Otherwise, Millar says, rights to adapt his comics have almost all found their way back to Netflix – including Chrononauts, a time-travel adventure that Millar’s keen to adapt into a series. But it doesn’t exactly bother him that audiences without Netflix subscriptions may be seeing a Kingsman sequel at Christmas or a Starlight movie in IMAX.
“It just means there’ll be no escaping me, unfortunately,” he says, laughing. “It’s a terrible time to be a hater.”
Currently on Millar’s plate is Supercrooks, which he’s adapting from his 2012 comic with Leinil Yu. The Netflix series – being done as a 13-episode anime with Japanese studio Bones – will tie into Jupiter’s Legacy as its first spin-off.
“The adventures of the Utopian in the 1930s wouldn’t be that interesting to me, because anything you want to do you can do in the main series,” explains Millar. “But a series about the bad guys... When you’re doing a show about the good guys, it can be quite interesting to see the flip-side. With Supercrooks, you’ll get to see the Goodfellas version of this, what it’s like to be a supervillain in this world.”

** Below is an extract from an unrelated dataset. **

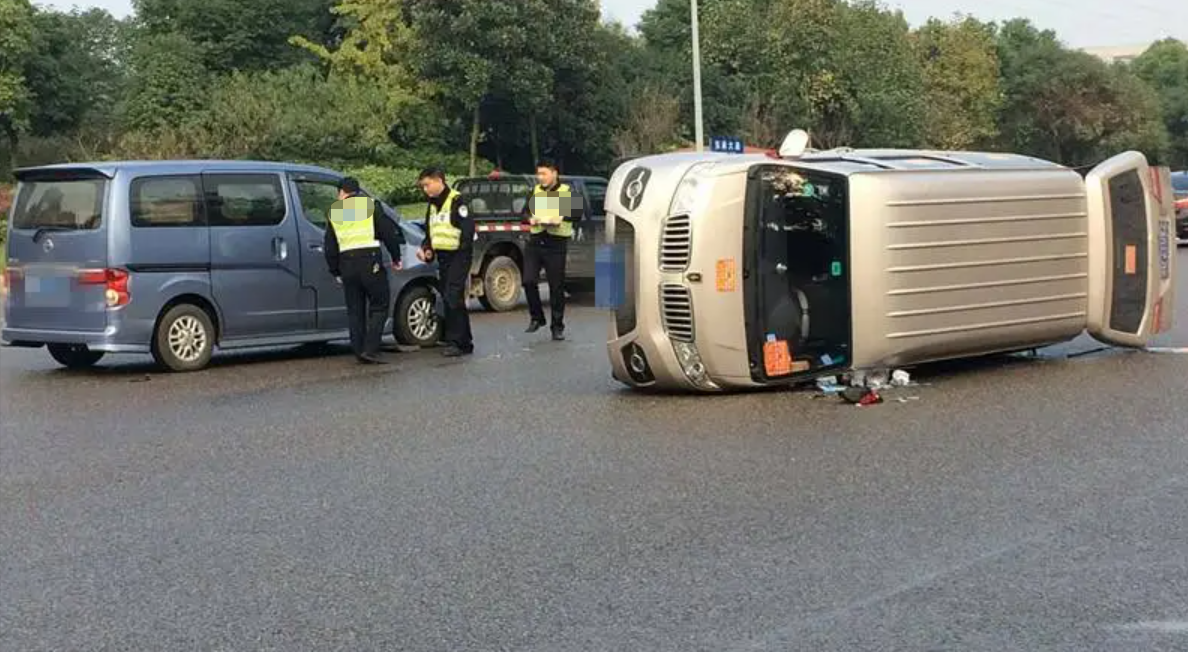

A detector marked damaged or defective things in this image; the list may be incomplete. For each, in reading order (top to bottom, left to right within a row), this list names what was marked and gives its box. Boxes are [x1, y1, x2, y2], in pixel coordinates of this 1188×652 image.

In just one month, Millar will also deliver Jupiter’s Legacy: Requiem, a 12-issue series with art by Tommy Lee Edwards, that will provide this saga with the sense of an ending across two volumes. Of course, as Netflix launches the first chapter of its TV adaptation, it’s easy for audiences accustomed to Marvel and DC’s ever-expanding universes to question how fixed that endpoint actually is, whether the story of Jupiter’s Legacy could live on at Netflix beyond the comics. But with Millar orchestrating both comic and TV series simultaneously, his answer is the only one that matters, and it’s definitive.
“The way it wraps up makes that impossible,” says Millar. “I don’t want to do any spoilers, but the way it ends is a very definite conclusion to the whole thing.”
In laying out Jupiter’s Legacy, he’s long seen the series as a six-volume effort written by him and penciled by the foremost illustrators in the game. That may be bad news for Netflix’s long-term plans, but Millar’s not concerned.
“One’s set in the present, one in the past, and the new one is set one generation into the future, but it goes on for thousands, millions, billions of years until we reach the end of time. There’s nowhere to go after this. So if this one becomes a gigantic hit for Netflix, they’ll be furious.”